Children’s Barred List
Vulnerable Adult’s List

In accordance with statutory requirements, the home will not recruit any individual who is listed on the children’s barred list or vulnerable adult’s list.

Each staff member will receive training in Awareness of Vulnerable Adult Abuse, and the measures to be taken if abuse is suspected.

Action to be taken in the event of alleged/suspected Abuse

The Matron is designated as the key contact person within the home with direct responsibility for investigating any alleged or suspected incidences of abuse. Any staff member with concerns regarding possible abuse of a vulnerable adult will report the matter directly to the Matron. Where it is suspected that such abuse may be caused by another staff member then reporting the matter will be done in accordance with the Whistle Blowing policy.

Reporting such matters will take into account the balance which needs to be maintained for the confidentiality of the resident’s affairs and the duty of care to report suspected abuse.

The manager will assess the allegations /suspicions and decide upon appropriate action to be taken. If the incident is considered to be very minor then the Matron can deal with the situation directly. If the incident is of a more serious nature the Matron will contact the local office of the Registration Authority and if necessary the Police, according to individual circumstances.

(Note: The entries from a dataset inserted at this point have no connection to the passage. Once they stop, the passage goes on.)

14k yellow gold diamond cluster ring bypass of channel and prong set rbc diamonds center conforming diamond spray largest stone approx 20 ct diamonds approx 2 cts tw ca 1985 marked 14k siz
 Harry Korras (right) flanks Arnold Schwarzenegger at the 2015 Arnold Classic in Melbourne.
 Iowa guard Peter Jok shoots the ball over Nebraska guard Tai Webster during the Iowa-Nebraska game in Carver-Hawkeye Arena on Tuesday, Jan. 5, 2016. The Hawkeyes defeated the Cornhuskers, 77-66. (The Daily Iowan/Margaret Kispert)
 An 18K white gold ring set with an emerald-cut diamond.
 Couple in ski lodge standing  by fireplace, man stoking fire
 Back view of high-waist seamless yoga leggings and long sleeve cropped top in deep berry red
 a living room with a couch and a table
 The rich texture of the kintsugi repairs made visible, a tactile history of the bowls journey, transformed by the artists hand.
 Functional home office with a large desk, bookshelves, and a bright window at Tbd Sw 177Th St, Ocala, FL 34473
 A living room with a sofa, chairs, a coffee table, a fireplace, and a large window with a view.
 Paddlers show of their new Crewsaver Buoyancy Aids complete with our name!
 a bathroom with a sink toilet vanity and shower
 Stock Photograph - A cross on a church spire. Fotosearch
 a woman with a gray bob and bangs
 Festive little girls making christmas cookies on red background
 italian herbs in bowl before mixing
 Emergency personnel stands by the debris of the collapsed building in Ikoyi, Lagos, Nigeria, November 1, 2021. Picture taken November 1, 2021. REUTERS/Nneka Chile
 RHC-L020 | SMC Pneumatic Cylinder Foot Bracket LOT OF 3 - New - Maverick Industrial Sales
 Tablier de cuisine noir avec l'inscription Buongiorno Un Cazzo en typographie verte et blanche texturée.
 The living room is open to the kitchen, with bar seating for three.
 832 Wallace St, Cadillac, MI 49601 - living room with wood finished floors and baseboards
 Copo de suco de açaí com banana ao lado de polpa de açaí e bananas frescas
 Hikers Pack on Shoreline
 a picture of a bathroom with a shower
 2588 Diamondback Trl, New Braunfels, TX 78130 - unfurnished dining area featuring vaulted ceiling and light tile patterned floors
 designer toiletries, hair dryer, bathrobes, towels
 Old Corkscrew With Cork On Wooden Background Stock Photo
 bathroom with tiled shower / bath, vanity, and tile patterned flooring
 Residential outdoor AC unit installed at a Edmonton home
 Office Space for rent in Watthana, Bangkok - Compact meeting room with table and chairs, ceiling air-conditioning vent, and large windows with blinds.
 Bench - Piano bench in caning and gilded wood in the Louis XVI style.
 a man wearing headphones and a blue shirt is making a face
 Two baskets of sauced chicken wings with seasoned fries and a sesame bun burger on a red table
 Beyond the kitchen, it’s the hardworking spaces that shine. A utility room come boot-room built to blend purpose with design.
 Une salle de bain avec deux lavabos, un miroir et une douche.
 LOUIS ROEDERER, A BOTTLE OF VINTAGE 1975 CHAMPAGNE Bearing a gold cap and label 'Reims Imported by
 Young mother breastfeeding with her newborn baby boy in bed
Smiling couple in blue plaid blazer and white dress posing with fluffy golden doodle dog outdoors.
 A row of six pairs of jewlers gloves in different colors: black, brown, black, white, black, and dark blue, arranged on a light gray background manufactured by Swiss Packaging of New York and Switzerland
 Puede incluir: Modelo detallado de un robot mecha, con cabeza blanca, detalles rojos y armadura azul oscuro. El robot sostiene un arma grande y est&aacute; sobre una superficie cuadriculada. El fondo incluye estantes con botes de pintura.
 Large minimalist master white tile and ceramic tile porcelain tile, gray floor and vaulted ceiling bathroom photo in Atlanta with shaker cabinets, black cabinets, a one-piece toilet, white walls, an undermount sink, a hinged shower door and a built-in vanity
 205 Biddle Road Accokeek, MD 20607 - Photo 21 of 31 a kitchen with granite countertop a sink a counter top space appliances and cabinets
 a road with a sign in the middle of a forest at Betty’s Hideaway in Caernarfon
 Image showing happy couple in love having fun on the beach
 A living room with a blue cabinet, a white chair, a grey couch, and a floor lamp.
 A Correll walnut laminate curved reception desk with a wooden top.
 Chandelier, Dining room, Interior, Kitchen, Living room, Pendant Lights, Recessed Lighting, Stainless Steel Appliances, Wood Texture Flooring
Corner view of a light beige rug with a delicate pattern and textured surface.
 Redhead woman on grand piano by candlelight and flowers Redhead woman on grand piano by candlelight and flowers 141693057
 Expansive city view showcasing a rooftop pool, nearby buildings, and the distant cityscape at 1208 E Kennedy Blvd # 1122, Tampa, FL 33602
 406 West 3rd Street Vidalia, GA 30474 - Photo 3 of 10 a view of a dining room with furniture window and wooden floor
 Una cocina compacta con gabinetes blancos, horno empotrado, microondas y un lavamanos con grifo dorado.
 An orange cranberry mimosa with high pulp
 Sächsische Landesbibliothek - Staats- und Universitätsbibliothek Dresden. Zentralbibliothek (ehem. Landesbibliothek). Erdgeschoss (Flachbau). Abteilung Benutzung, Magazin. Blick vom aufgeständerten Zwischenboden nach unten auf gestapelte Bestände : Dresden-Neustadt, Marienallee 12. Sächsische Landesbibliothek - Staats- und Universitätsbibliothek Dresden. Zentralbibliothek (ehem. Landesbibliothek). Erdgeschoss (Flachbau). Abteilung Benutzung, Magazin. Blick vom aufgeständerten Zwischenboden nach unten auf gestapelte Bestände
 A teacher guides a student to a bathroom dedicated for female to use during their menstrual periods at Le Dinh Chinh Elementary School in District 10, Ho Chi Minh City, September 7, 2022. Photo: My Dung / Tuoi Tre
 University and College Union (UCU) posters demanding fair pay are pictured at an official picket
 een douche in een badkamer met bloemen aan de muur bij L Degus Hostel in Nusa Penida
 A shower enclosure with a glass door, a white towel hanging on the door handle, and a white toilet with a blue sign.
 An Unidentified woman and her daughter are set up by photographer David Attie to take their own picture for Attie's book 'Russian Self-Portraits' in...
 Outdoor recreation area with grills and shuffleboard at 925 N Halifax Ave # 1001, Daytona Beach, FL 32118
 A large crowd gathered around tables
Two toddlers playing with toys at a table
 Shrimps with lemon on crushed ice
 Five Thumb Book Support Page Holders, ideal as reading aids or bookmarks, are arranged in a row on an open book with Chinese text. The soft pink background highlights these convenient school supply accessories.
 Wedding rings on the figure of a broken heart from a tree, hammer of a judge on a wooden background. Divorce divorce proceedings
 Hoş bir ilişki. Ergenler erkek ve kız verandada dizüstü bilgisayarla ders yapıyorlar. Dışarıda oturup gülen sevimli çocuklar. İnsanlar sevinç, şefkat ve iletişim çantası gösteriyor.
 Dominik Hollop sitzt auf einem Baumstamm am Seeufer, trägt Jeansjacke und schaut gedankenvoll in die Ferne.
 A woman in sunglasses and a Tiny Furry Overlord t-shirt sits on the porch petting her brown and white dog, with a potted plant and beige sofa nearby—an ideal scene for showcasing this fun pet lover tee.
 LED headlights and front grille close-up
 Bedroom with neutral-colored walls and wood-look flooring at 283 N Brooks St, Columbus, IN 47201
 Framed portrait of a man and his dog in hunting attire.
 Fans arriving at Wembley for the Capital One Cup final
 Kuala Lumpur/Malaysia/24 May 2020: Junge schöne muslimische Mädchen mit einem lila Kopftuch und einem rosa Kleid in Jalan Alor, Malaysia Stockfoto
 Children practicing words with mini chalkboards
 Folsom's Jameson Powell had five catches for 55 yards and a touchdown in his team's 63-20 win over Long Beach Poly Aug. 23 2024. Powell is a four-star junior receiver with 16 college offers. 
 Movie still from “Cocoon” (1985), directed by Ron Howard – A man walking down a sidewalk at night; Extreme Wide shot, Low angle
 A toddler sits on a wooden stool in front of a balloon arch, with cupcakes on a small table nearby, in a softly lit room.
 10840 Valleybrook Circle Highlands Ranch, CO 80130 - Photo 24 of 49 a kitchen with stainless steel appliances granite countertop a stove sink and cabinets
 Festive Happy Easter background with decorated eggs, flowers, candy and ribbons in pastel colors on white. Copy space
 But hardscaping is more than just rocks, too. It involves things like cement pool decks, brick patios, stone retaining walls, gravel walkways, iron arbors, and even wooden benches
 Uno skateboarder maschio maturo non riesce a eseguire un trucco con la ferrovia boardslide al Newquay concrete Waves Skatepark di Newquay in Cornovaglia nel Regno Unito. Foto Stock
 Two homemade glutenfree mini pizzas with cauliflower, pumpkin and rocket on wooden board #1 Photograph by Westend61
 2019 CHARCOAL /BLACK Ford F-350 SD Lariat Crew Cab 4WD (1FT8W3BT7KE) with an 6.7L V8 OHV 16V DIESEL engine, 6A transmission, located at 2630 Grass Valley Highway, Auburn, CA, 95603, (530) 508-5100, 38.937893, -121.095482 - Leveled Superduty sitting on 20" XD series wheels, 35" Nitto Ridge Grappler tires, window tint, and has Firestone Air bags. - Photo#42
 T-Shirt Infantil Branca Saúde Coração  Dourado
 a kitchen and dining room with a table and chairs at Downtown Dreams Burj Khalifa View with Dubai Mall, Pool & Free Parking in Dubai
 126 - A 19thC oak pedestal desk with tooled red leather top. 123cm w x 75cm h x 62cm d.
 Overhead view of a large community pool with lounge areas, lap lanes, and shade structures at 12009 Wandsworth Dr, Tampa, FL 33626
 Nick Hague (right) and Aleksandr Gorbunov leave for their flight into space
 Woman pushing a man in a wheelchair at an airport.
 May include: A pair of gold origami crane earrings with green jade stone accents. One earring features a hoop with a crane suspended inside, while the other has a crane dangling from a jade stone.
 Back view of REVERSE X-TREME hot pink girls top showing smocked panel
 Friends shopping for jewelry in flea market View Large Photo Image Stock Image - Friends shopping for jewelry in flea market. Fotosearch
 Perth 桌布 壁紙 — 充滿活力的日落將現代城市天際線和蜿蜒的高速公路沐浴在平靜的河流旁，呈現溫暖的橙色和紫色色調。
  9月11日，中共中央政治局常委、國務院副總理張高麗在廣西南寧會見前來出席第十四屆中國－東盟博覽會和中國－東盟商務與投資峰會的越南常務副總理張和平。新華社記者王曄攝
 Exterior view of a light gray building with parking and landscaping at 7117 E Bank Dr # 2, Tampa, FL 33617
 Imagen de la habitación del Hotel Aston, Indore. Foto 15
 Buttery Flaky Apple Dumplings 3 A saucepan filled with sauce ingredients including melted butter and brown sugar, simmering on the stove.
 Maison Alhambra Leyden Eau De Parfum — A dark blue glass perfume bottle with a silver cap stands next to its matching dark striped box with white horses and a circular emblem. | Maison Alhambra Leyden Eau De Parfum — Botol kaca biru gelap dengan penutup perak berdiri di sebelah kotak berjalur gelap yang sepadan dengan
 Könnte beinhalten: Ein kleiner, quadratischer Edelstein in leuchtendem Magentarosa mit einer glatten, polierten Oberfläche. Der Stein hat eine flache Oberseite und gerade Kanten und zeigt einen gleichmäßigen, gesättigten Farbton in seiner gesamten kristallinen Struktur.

In all cases, the Matron is responsible for maintaining complete case records of the suspicions raised, or allegations made, including dates, times and persons involved, and action taken. This action may be two types:
Corrective Action – action to be taken against perpetrators involved in confirmed incidents of abuse, and the discreet and sensitive handling of the abused person.
Preventive Action – strategies to be implemented with the objective of halting further abuse. Where such cases have involved the Home’s staff, with resulting disciplinary measures taken, this will trigger a robust review of current practices and procedures to determine what additional protective measures if any, need to be incorporated into the management systems.